I stared at it awhile. She stared at me.

“What are you going to do with it then?” she demanded.

I shrugged. “Nothing. As you say, it’s a tooth, not a bone.”

“Then why are you playing twenty questions? Are you trying to come on to me?” I couldn’t suppress a harsh laugh. “Because Charlie used to enjoy coming here,” she added. She gave one of her neck-snapping yanks in his direction and marched away.
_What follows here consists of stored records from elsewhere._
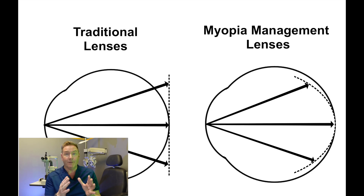Think of the projector screen being curved — your projector can't get everything focused on the screen at the same time. A standard lens for myopia puts things in focus on the retina at the back of the eye so you can see. But in the peripheral part of the retina, the image is actually focused behind the retina. That sends a signal to the eyeball saying it needs to grow longer to catch up to where that image is focused.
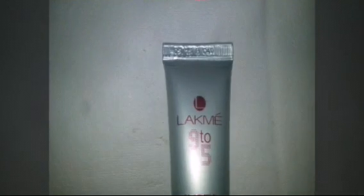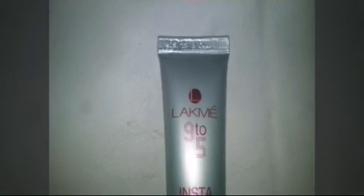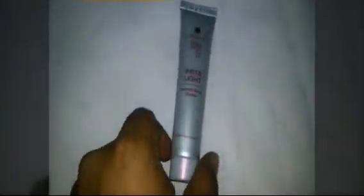Hi friends! आज मैं Lakme की 9 to 5 Insta Light Instant Glow Cream के बारे में बता रहा हूँ। जैसा कि सबको पता है, Lakme एक भरोसेमंद कंपनी है और इसके बहुत से ब्यूटी और कॉस्मेटिक प्रोडक्ट मार्केट में हैं। इसी कैटेगरी में Lakme की 9 to 5 क्रीम है जो फेस को Instant Lightening and Glowing बनाती है।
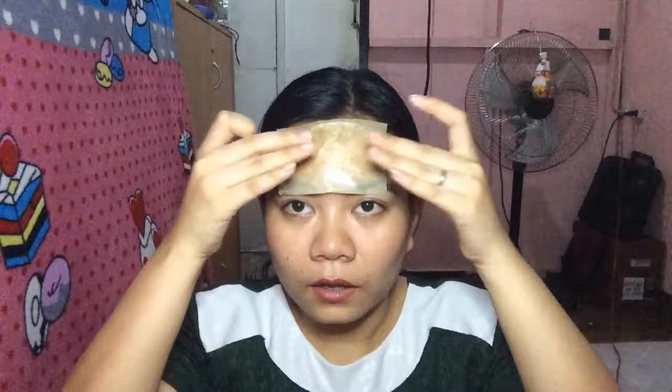Let's start with what's for the face. This is the Finis Green Tea Scent Oil Control Sheet — the blotting paper I bought at Watson's for only 39 pesos, and I got 100 sheets. Let me try one to show you its effect. I don't know if what's on the blotting paper is sweat or oil — I think it's sweat.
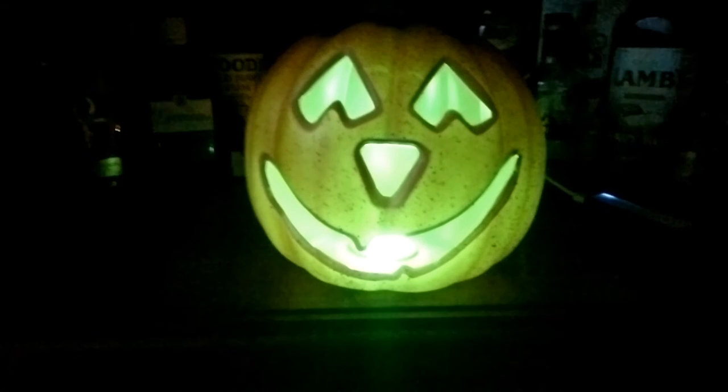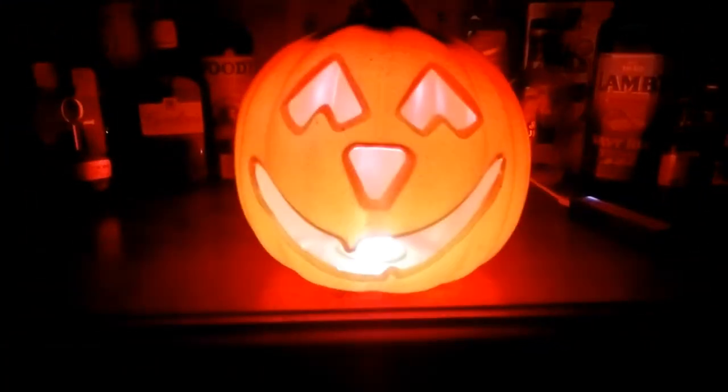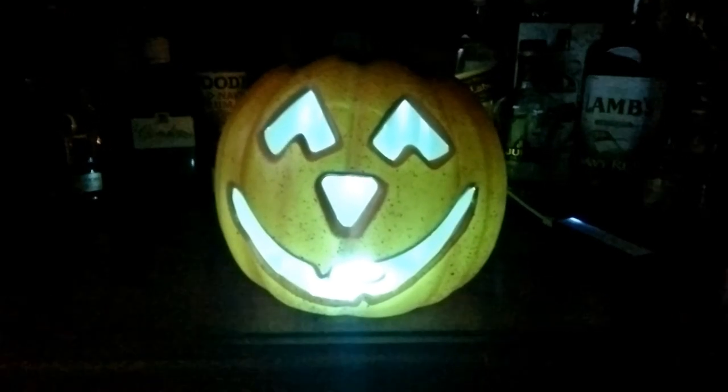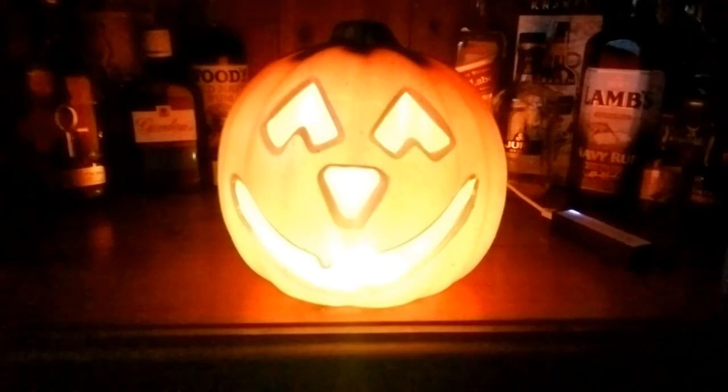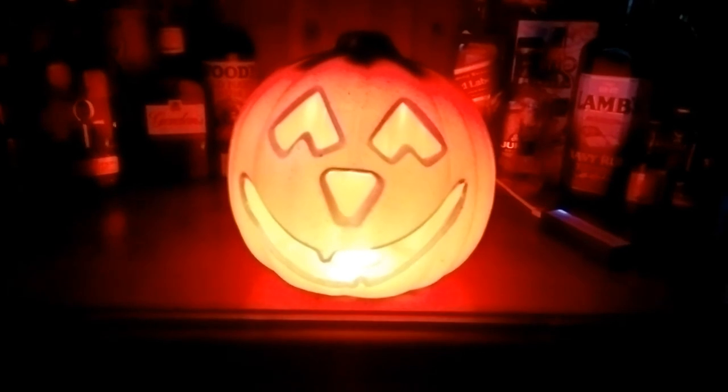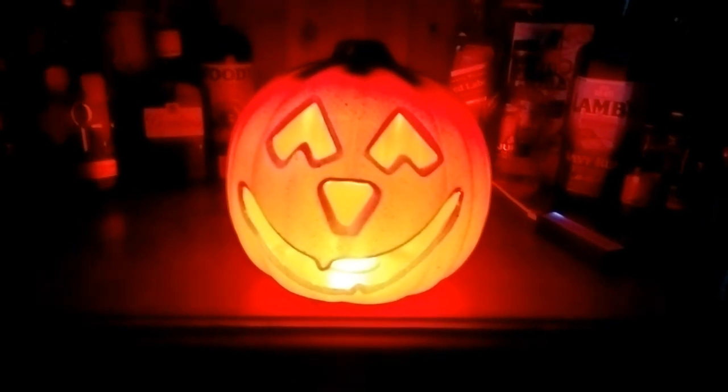And I can control it by radio from another micro:bit — so that's green, that's actually purple, but it just goes a bit flary because of the light. Blue, blue — that is green, I assure you. If I shake it, we get orange; if I hold it up, we get red.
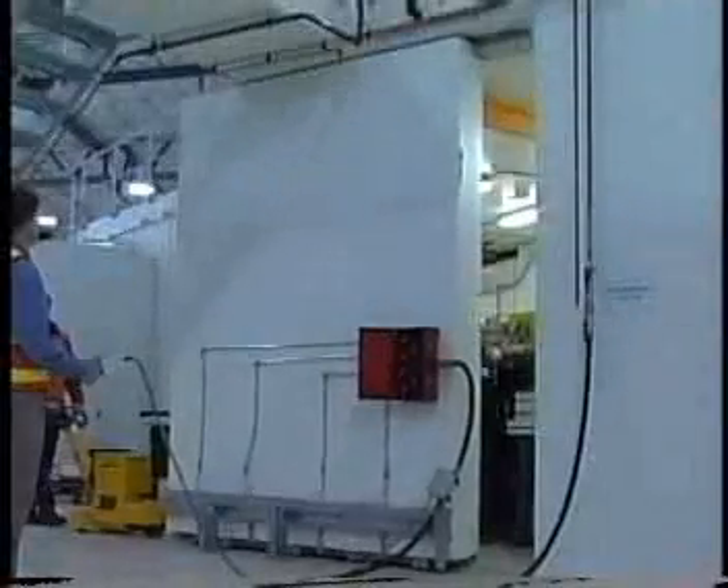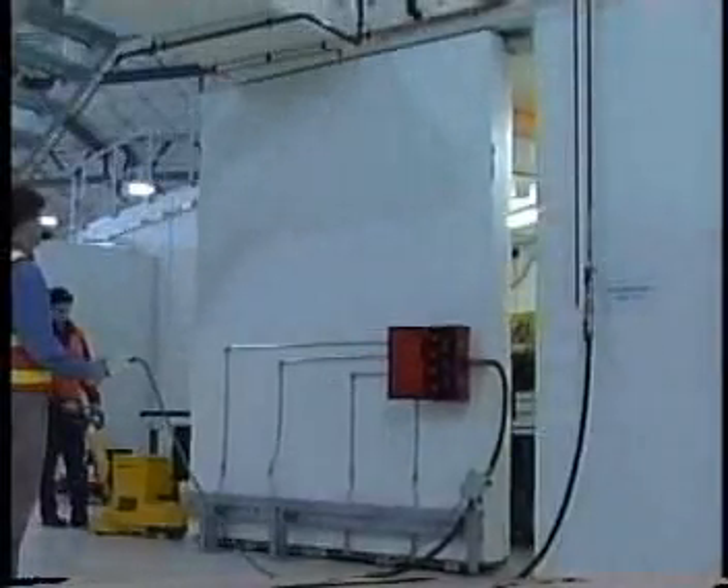It's a complicated process and it could be dangerous. Once it's switched on, the synchrotron will be radioactive, so there will be no more walking through it.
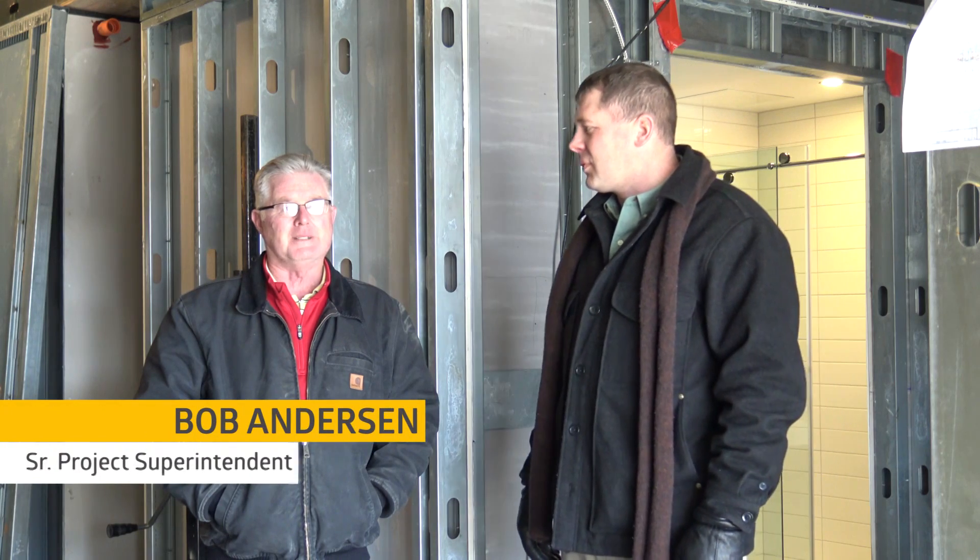Welcome to the Whites Warehouse. Ben Bungi with the Whites Company, project manager for the Iowa Vent Center Hotel. And I'm Bob Anderson, the senior project superintendent for the hotel project.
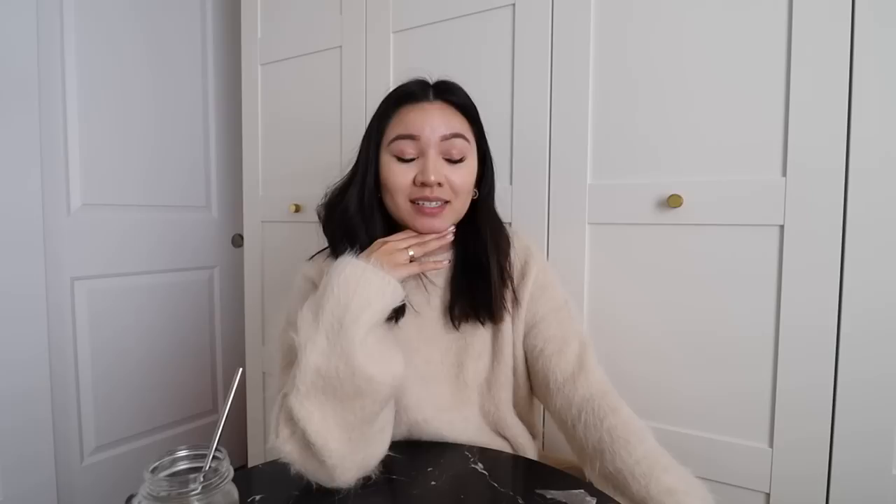I would love to gift one of you a Chanel card holder. I'm so glad I found it — the caviar ones in gold hardware have been really hard to find, so it was just meant to be. I hope this video helped and wasn't too confusing. That's all for now — I'll see you guys in the next video. Thank you so much for watching!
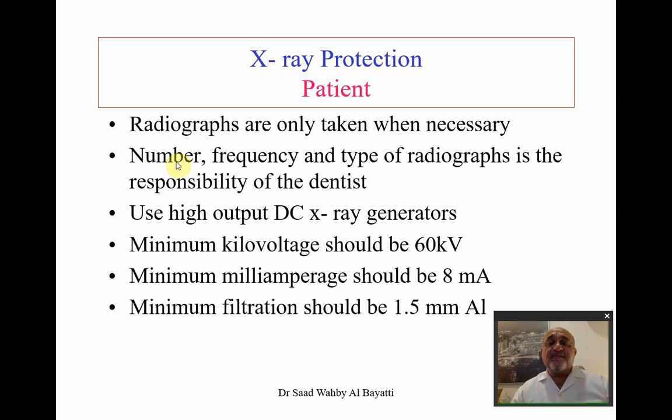The number and frequency of radiographs taken and the type of radiograph is the sole responsibility of the dentist. This is based on clinical judgment and the coverage area required. Always try to use high-output DC X-ray generators.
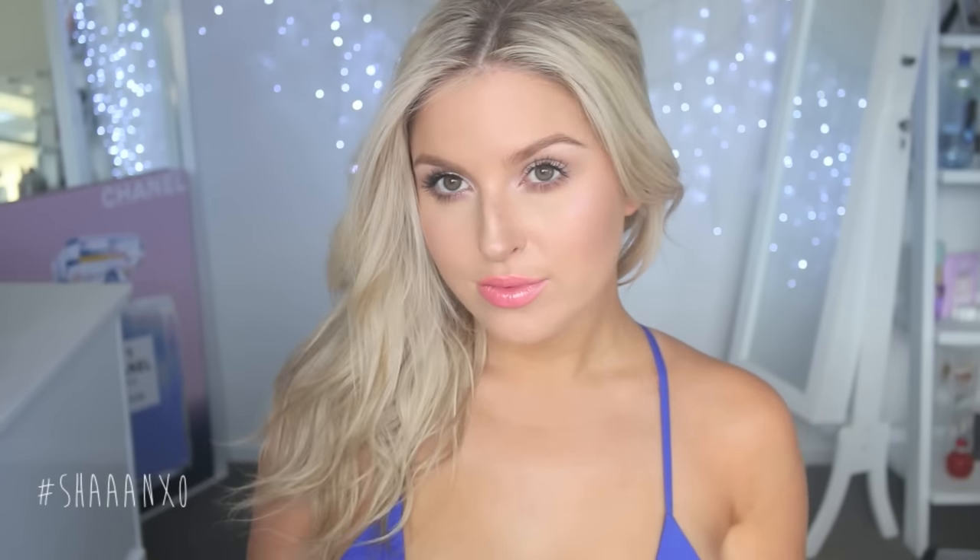Hey everyone! Today I'm doing a two-in-one tutorial — my hair and makeup — on this look here, which is super fresh and glowy and, most importantly, super fast. The hair and the makeup takes 15 minutes or less. This look is for those of you who want to wear a full face of makeup and look really put together, but you don't have too much time to do it — you don't have an hour in the morning.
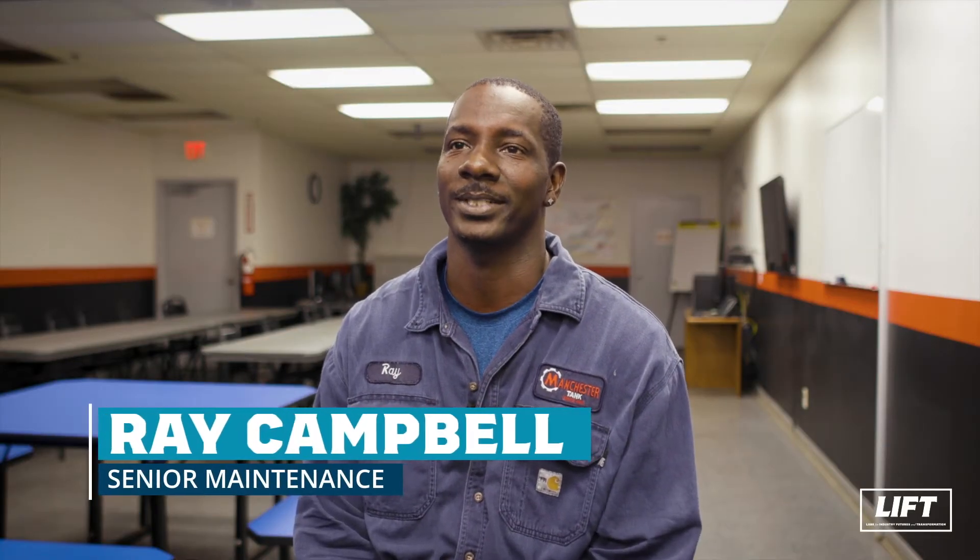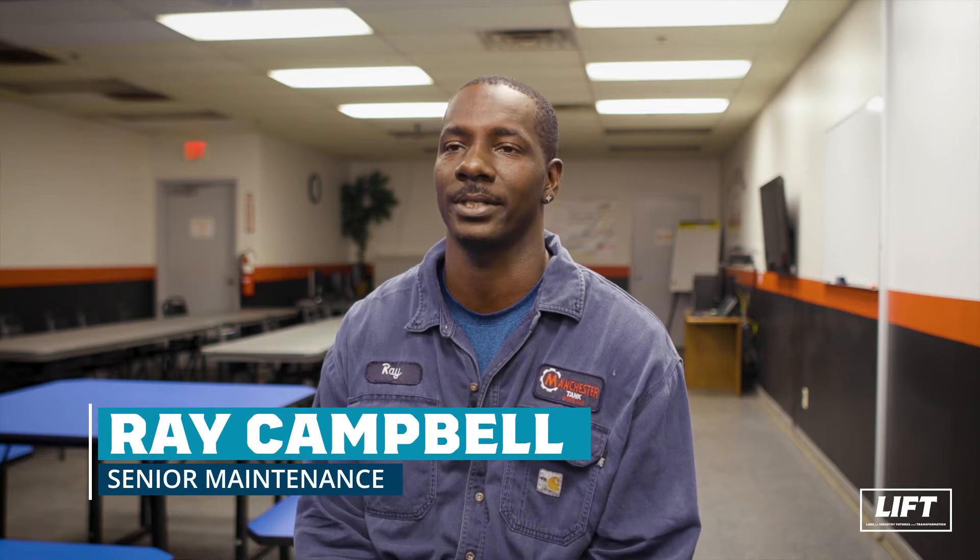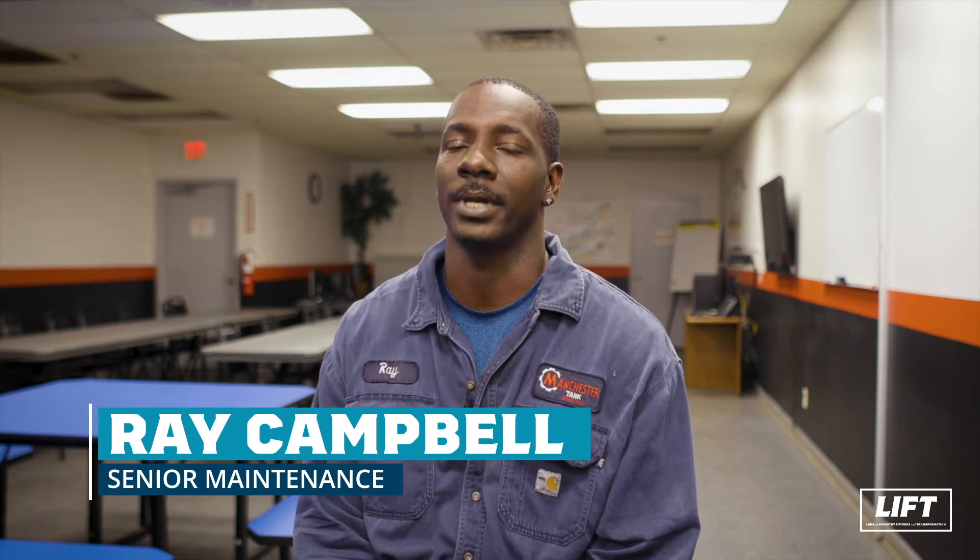My name is Ray Campbell. I work here at the Manchester Tank Plant in Elkhart, Indiana. I'm maintenance and industrial electrical certified from Ivy Tech. My role here is a senior maintenance level employee. I troubleshoot electrical, mechanical pneumatics, hydraulics. It's well rounded.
I did leave the tooth where it lay, but I stood pondering it for some time. I think that strange exchange was the reason, ultimately, that I kept the bone. There is a difference between
tooth and bone, though I can’t put my finger on it. What stuck in my mind, though, was the thought that the only thing that made either one human was me. To Kia the bone was a thing to be fetched, to Charlie’s owner an unhygienic, creepy irrelevance, in police hands it would be an exhibit lumped between confiscated drugs and firearms, and to the cemetery authorities it was a phantom of my imagination. Of these interpretations, the latter was closest to true; I had imagined a phantom human, though I could not ascribe it a gender or a time or an occupation.

And yet I had not imagined it: at the other end of my bone, so to speak, lay a real human being about whom nothing was known or knowable beyond its undeniable humanity. It fell to me to preserve that humanity: to prevent it winding up in Kia’s swampy mouth again, or in the landfill among toaster ovens and eggshells. Even if I returned it to the cemetery, it was likely to sit in a desk drawer as a kind of prank-in-waiting for new employees.

I returned Kia the next day, as her owner had come home. That is, she jerked me along for twenty-six city blocks while I tried to keep half a ten-pound bag of dog food, two blankets, and some toys from slipping out of my grasp.

Kia was overjoyed to see Peter. Peter was less enthusiastic. He didn’t particularly want a dog. His glamorous pole-dancing housemates had eventually drawn the attention of a mentally unstable ex-marine. After befriending Peter for access, he turned the lives of all three into a nightmare of surveillance, stolen underwear, and intimidation. Kiki had confronted him: If you watch us perform, why do you need to watch us wash dishes? The ex-marine threatened
her, and Anna suggested getting a dog. For a while Kia had actually been useful. Peter felt terrible, thought it was his fault. He rang the police, who suggested that a certain kind of girl takes a certain kind of risk, and it’s up to her to face the consequences. Peter hung up. Eventually Kiki and Anna quit their jobs and moved away, and their stalker vanished, but Peter in appearance had gone straight from jaded youth to abject middle age.

He gave me twenty dollars for my trouble. It wasn’t much, but all he had on him. We stood at the door and he didn’t invite me in, so I scratched Kia behind the ears and made my long lonely way home.

Pinned to my screen door was a note:
FEEDING YOU TONIGHT WHETHER YOU LIKE IT OR NOT: 8:00 P.M. VALERIE
. That gave me a few hours to finish my book and procure sixteen dollars’ worth of wine and a block of cheese for myself later. I did not take the bone with me. I didn’t think it wanted to be a party trick.